WHAT THE EXERCISE ASKS: Would you retype, word for word, only the lines from the one holding "Coffee/tea facilities, Kitchen" through the final line of the entries below, without the pictures?

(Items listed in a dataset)
= Beginning of Section =
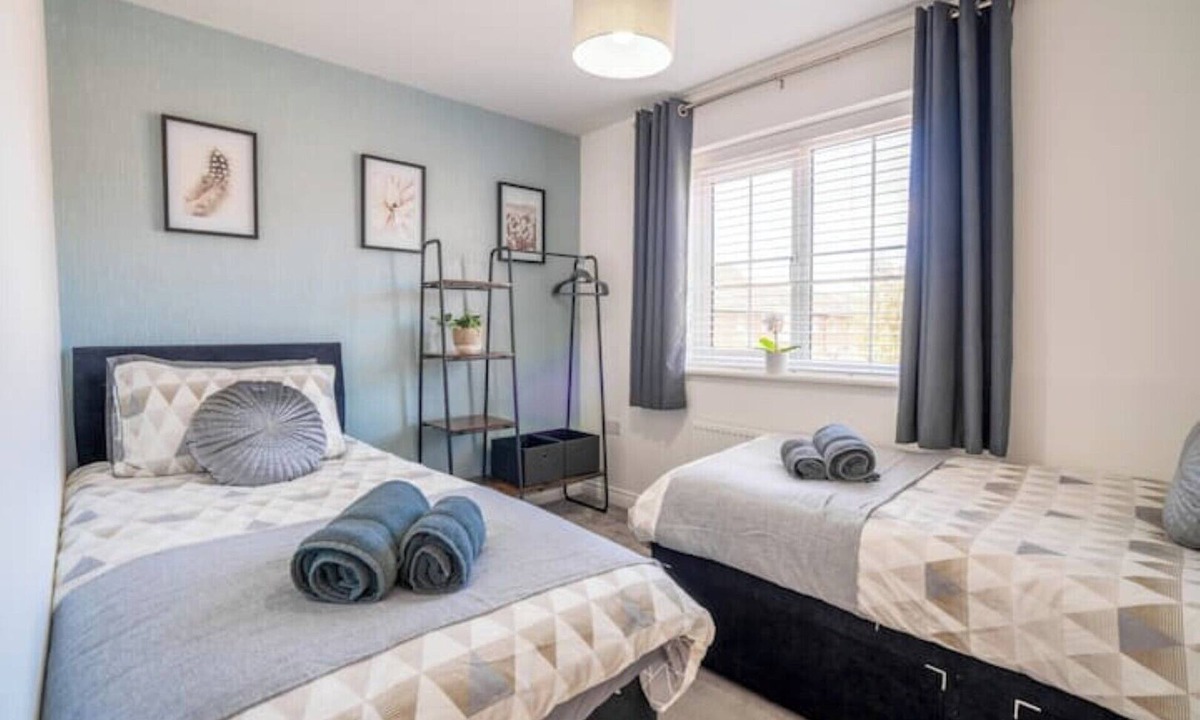 Ashby Woulds House | Butterfly Gardens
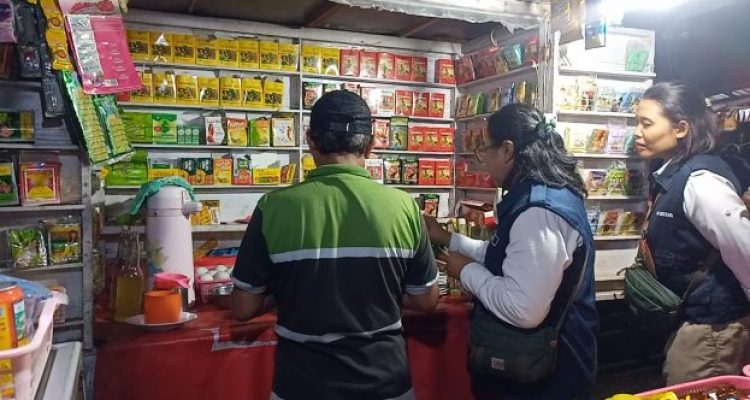 Ket poto: Salah satu Kios Jamu Tradisional di Jembrana disidak BPOM Ket poto: Salah satu Kios Jamu Tradisional di Jembrana disidak BPOM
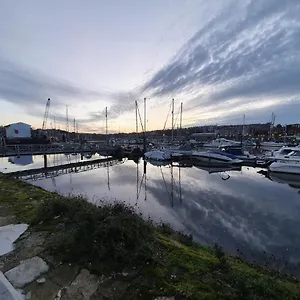  Apartment Marina House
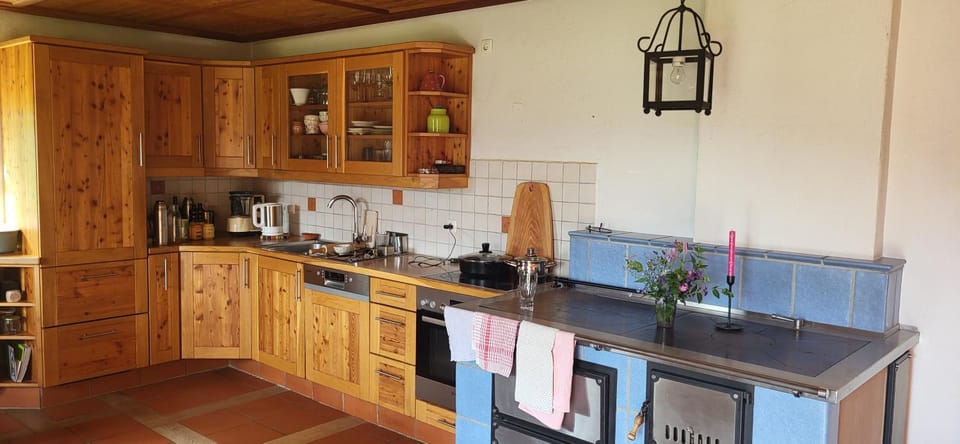 Coffee/tea facilities, Kitchen or kitchenette, dishwasher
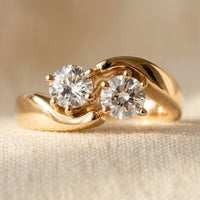Gouden ring met twee ronde zirkonia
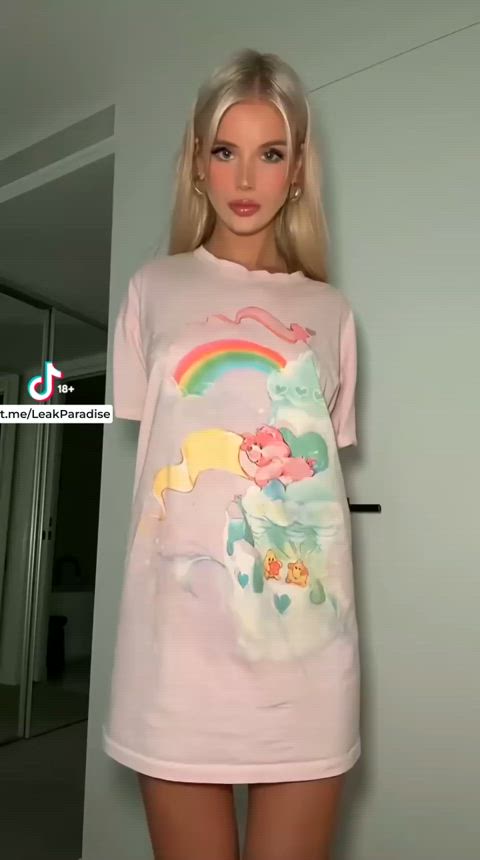 amateur babe blonde nsfw natural tits onlyfans pussy tiktok tits r/tiktits gif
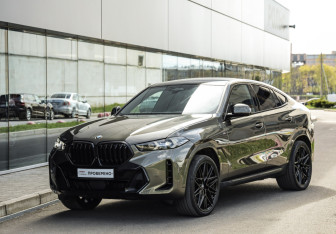 Подержанный автомобиль BMW X6 2023 года (3 фото)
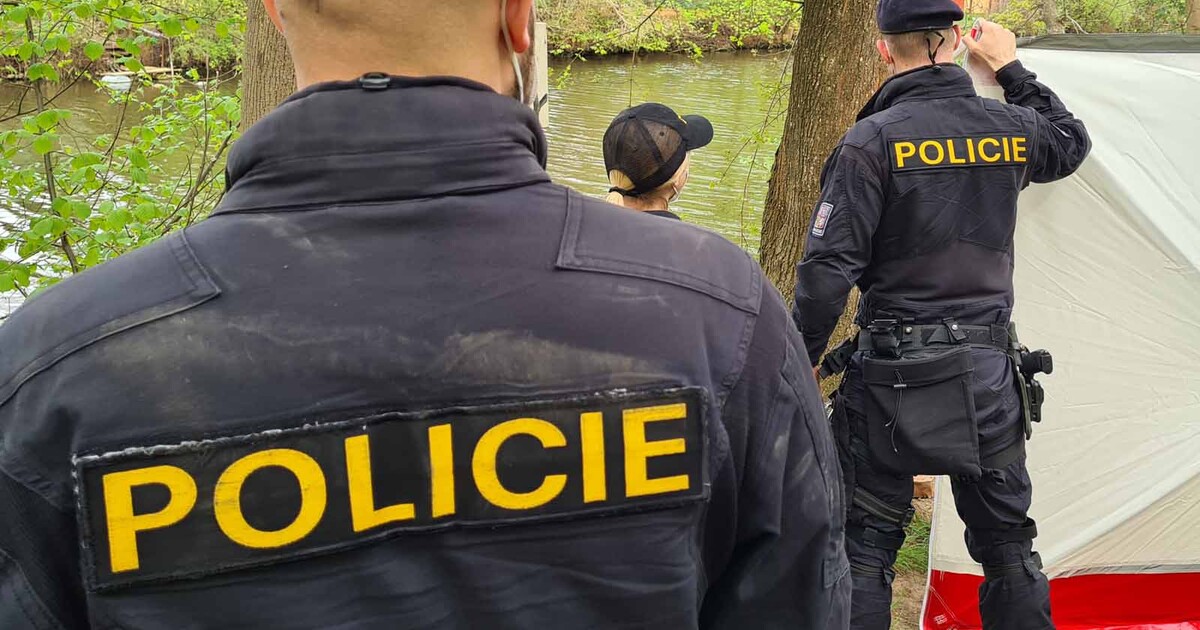 Za nevyjasněných okolností zemřel v Novém Jičíně muž, když na čtyřkolce sjížděl sjezdovku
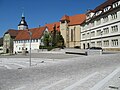 Stiftshof: ganz links das Bandhaus, dahinter der Stadtturm, rechts davon die Stiftskirche und ganz rechts das Amtsgericht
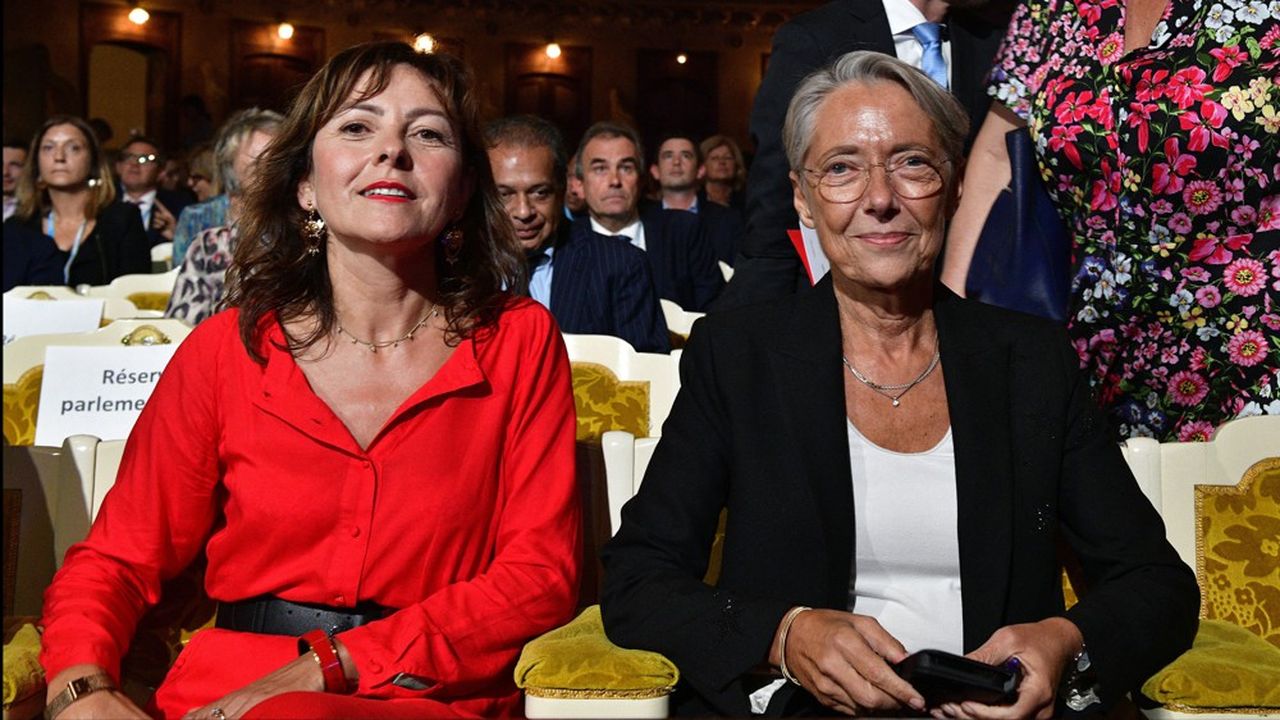 Carole Delga, la présidente (PS) de la région Occitanie (à gauche), et la Première ministre, Elisabeth Borne, vendredi lors du congrès de Régions de France à Vichy.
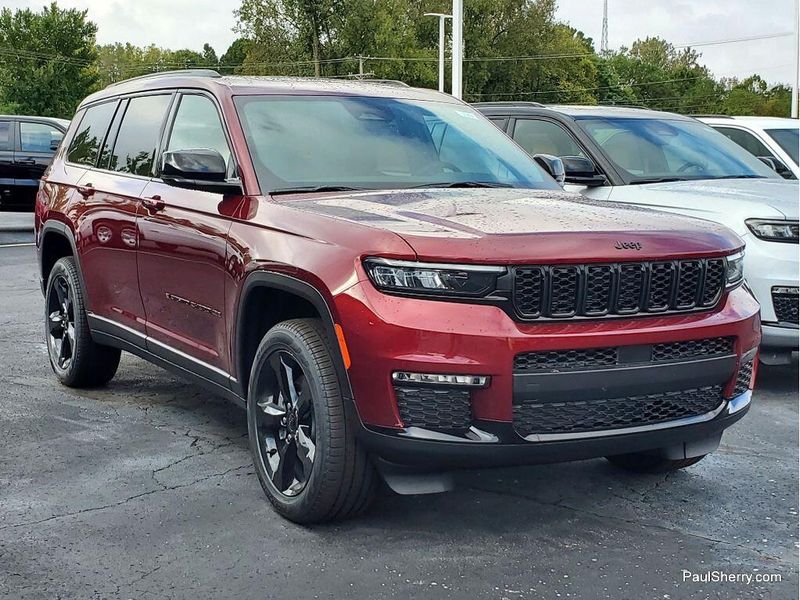 2025 Jeep Grand Cherokee Limited photo 15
= End of Section =
ANSWER TO THIS PROBLEM:
 Coffee/tea facilities, Kitchen or kitchenette, dishwasher
Gouden ring met twee ronde zirkonia
 amateur babe blonde nsfw natural tits onlyfans pussy tiktok tits r/tiktits gif
 Подержанный автомобиль BMW X6 2023 года (3 фото)
 Za nevyjasněných okolností zemřel v Novém Jičíně muž, když na čtyřkolce sjížděl sjezdovku
 Stiftshof: ganz links das Bandhaus, dahinter der Stadtturm, rechts davon die Stiftskirche und ganz rechts das Amtsgericht
 Carole Delga, la présidente (PS) de la région Occitanie (à gauche), et la Première ministre, Elisabeth Borne, vendredi lors du congrès de Régions de France à Vichy.
 2025 Jeep Grand Cherokee Limited photo 15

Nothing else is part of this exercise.